Google has found an intelligent way to arrange the results for a search query. But an interesting question is - where we can find that intelligence? A lot of people have conducted research into the indexing process and even more have tested ranking factors on their weight, but we wondered how smart Googlebot itself is. To make a start, we took some statements and commonly used principles and tested how Googlebot handled them. Some results are questionable and should be tested on a few hundred domains to be sure, but it can give you some ideas.
Speed of The Crawler
The first one we tested was Matt Cutts on his following statement: “... the number of pages that we crawl is roughly proportional to your PageRank".

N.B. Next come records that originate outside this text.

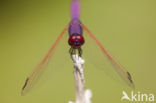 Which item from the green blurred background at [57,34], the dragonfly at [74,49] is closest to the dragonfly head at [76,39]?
the dragonfly at [74,49]

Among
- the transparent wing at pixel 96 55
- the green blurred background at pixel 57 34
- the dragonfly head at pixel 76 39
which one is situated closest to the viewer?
the dragonfly head at pixel 76 39

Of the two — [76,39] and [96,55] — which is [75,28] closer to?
[76,39]

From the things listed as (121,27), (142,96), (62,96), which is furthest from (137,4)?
(62,96)

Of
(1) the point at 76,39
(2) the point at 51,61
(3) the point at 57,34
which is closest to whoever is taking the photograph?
(1) the point at 76,39

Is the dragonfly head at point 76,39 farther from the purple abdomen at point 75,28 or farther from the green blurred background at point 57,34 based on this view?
the green blurred background at point 57,34

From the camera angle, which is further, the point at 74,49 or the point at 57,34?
the point at 57,34

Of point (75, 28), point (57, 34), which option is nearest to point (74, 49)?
point (75, 28)

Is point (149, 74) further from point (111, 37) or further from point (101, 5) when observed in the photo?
point (101, 5)
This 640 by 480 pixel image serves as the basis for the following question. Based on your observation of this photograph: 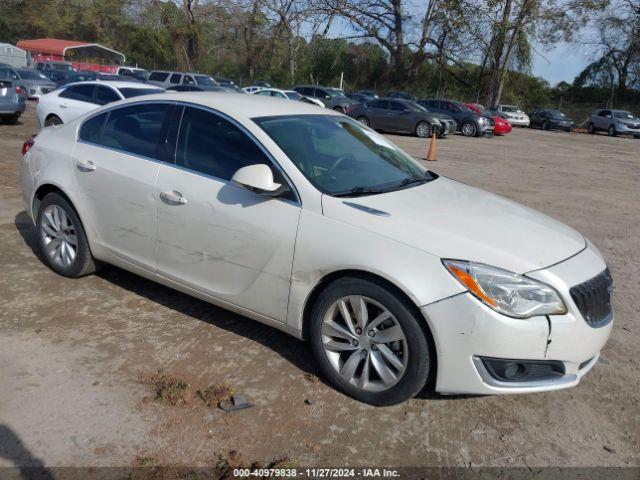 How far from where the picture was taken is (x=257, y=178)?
11.2ft

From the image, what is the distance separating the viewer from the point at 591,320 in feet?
10.4

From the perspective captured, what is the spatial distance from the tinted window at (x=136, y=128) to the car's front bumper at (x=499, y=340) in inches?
94.3

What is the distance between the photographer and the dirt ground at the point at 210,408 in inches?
113

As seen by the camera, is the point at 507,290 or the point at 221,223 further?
the point at 221,223

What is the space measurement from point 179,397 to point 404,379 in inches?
49.2

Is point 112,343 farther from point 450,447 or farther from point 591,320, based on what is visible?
point 591,320

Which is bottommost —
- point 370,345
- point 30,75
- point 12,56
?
point 12,56

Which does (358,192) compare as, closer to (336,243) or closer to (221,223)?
(336,243)

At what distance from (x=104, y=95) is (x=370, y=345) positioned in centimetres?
1065

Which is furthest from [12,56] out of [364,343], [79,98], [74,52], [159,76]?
[364,343]

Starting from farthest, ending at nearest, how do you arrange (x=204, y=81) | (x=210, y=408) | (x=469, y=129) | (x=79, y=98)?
(x=469, y=129), (x=204, y=81), (x=79, y=98), (x=210, y=408)

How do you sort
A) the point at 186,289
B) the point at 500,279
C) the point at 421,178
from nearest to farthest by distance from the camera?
the point at 500,279
the point at 186,289
the point at 421,178

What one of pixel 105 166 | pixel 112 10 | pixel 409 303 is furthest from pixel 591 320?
pixel 112 10

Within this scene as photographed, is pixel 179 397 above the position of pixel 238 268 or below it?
below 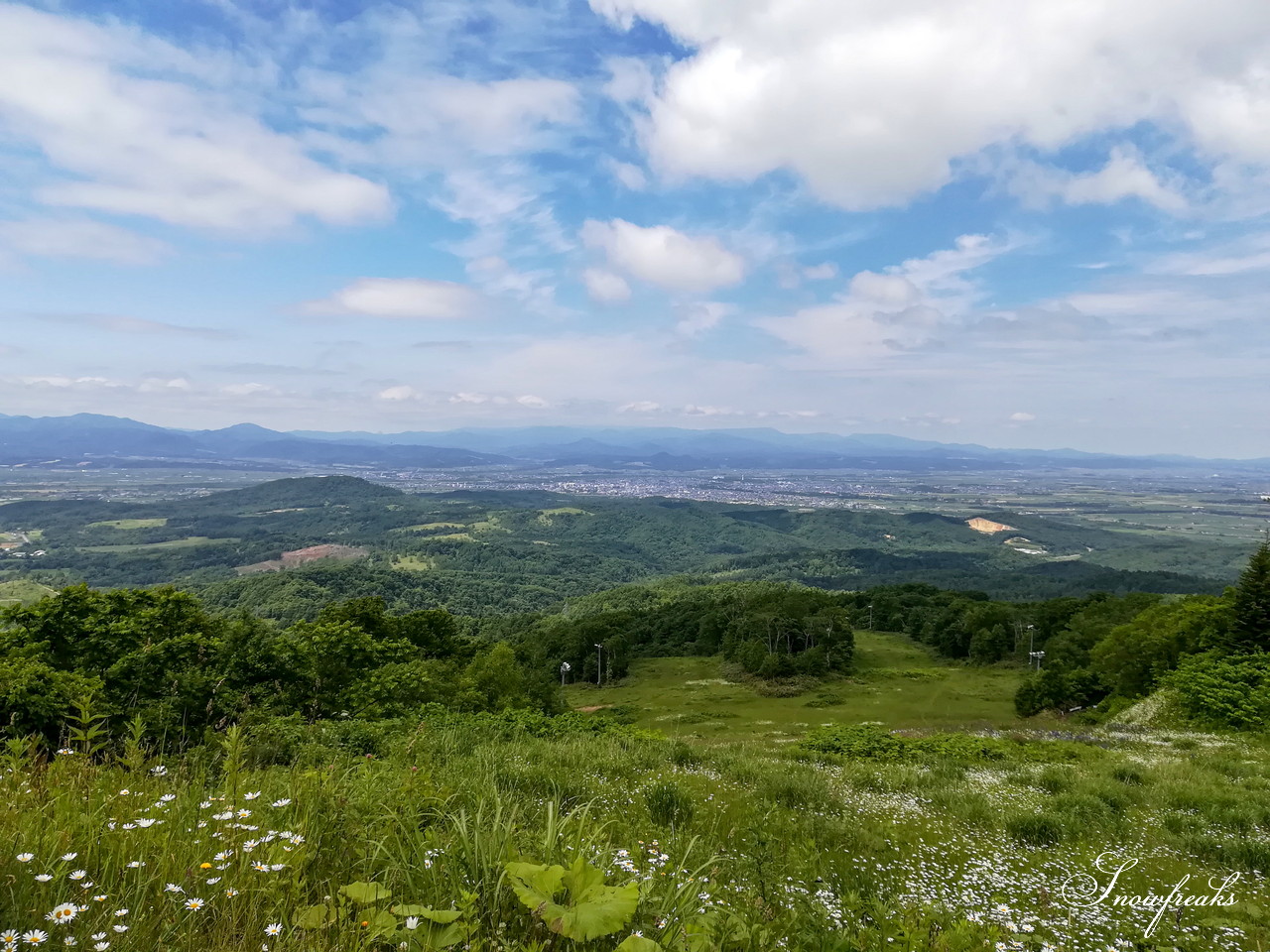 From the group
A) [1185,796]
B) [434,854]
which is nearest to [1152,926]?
[434,854]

This brings us to one of the challenges large content sites are facing - the problem of getting all pages indexed. You can imagine if Amazon.com was a new website, it would take a while for Google to crawl all 48 million pages and if Matt Cutts’s statement is true, it would be impossible without any incoming links.

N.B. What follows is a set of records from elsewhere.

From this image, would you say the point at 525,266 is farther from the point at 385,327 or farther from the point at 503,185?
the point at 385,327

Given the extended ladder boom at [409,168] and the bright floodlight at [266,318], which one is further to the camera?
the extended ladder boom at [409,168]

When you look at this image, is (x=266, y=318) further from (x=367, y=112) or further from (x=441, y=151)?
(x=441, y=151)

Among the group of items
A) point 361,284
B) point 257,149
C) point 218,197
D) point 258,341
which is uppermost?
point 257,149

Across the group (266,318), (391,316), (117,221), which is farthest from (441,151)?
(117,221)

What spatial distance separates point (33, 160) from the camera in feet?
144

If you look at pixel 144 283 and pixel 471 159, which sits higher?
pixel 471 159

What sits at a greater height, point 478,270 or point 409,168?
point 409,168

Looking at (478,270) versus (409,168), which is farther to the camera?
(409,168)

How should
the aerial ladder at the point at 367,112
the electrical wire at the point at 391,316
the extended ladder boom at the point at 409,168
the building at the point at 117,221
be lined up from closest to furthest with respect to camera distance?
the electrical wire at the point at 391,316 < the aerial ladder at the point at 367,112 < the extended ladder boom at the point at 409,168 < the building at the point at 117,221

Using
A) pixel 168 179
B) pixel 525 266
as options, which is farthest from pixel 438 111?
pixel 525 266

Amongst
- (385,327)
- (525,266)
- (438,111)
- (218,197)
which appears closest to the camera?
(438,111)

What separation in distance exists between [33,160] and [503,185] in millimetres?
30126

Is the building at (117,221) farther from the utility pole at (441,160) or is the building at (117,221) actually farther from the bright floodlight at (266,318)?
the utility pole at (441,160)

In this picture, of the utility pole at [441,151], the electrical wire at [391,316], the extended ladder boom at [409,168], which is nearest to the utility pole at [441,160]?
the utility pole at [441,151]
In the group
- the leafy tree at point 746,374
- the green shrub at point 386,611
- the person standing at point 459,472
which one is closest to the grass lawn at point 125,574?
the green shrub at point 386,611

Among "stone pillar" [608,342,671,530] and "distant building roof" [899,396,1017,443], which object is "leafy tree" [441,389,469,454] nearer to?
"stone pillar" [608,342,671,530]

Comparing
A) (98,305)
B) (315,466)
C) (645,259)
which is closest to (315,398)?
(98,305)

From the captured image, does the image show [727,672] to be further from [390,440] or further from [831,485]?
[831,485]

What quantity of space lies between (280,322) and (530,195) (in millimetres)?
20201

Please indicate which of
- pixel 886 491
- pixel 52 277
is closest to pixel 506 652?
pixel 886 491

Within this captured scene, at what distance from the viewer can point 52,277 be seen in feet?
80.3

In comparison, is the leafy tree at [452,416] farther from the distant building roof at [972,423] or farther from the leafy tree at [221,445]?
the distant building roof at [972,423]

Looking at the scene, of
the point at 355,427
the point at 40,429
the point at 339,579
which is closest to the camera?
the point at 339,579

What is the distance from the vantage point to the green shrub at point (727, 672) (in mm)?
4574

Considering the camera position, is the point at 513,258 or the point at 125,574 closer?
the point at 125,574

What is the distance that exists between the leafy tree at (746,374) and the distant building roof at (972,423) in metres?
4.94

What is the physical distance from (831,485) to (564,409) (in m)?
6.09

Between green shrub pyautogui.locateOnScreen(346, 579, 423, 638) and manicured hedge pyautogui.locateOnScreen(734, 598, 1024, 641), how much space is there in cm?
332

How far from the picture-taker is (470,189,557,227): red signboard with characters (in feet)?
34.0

To test it, we took a domain with no history (never registered, no backlinks) and made a page with 250 links on it. Those links refer to pages that also have 250 links (and so on…). The links and URLs were numbered from 1 to 250, in the same order as they appeared in the source code. We submitted the URL via “addurl” and waited. Due to the fact that the domain has no incoming links, it has no or at least a negligible PageRank. If Matt Cutts’s statement is correct Googlebot would soon stop crawling.
As you can see in the graph, Googlebot started crawling the site with a crawl rate of approximately 2500 nodes per hour. After three hours, it slowed down to a crawl rate of approximately 25 pages per hour and maintained that rate for months. To verify this result we did the same test with two other domains. Both tests came up with nearly the same results. The only difference is the lower peak at the beginning of Googlebot's visit.
Impact of Sitemaps
During the tests, the sitemap manifested itself as a very useful tool to influence the crawl rate. We added a sitemap with 50,000 uncrawled pages in it (indexation level 0). Googlebot placed the pages which were added to Google by sitemap on top of the crawl queue. This means that those pages got crawled before the F-levelled pages. But what’s really remarkable is the extreme increase in crawl rate. At first, the number of visits was stabilized at a rate of 20-30 pages per hour. As soon as the sitemap was uploaded through Webmaster Central, the crawler accelerated to approximately 500 pages per hour. In just a few days it reached a peak of 2224 pages per hour. Where at first the crawler visited 26.59 pages per hour on average, it grew to an average of 1257.78 pages per hour which is an increase of no less then 4630.27%. The increase of crawl rate doesn’t stop by the pages included in the sitemap. Also the other F- and 0-levelled pages take advantage of the increase in crawl rate.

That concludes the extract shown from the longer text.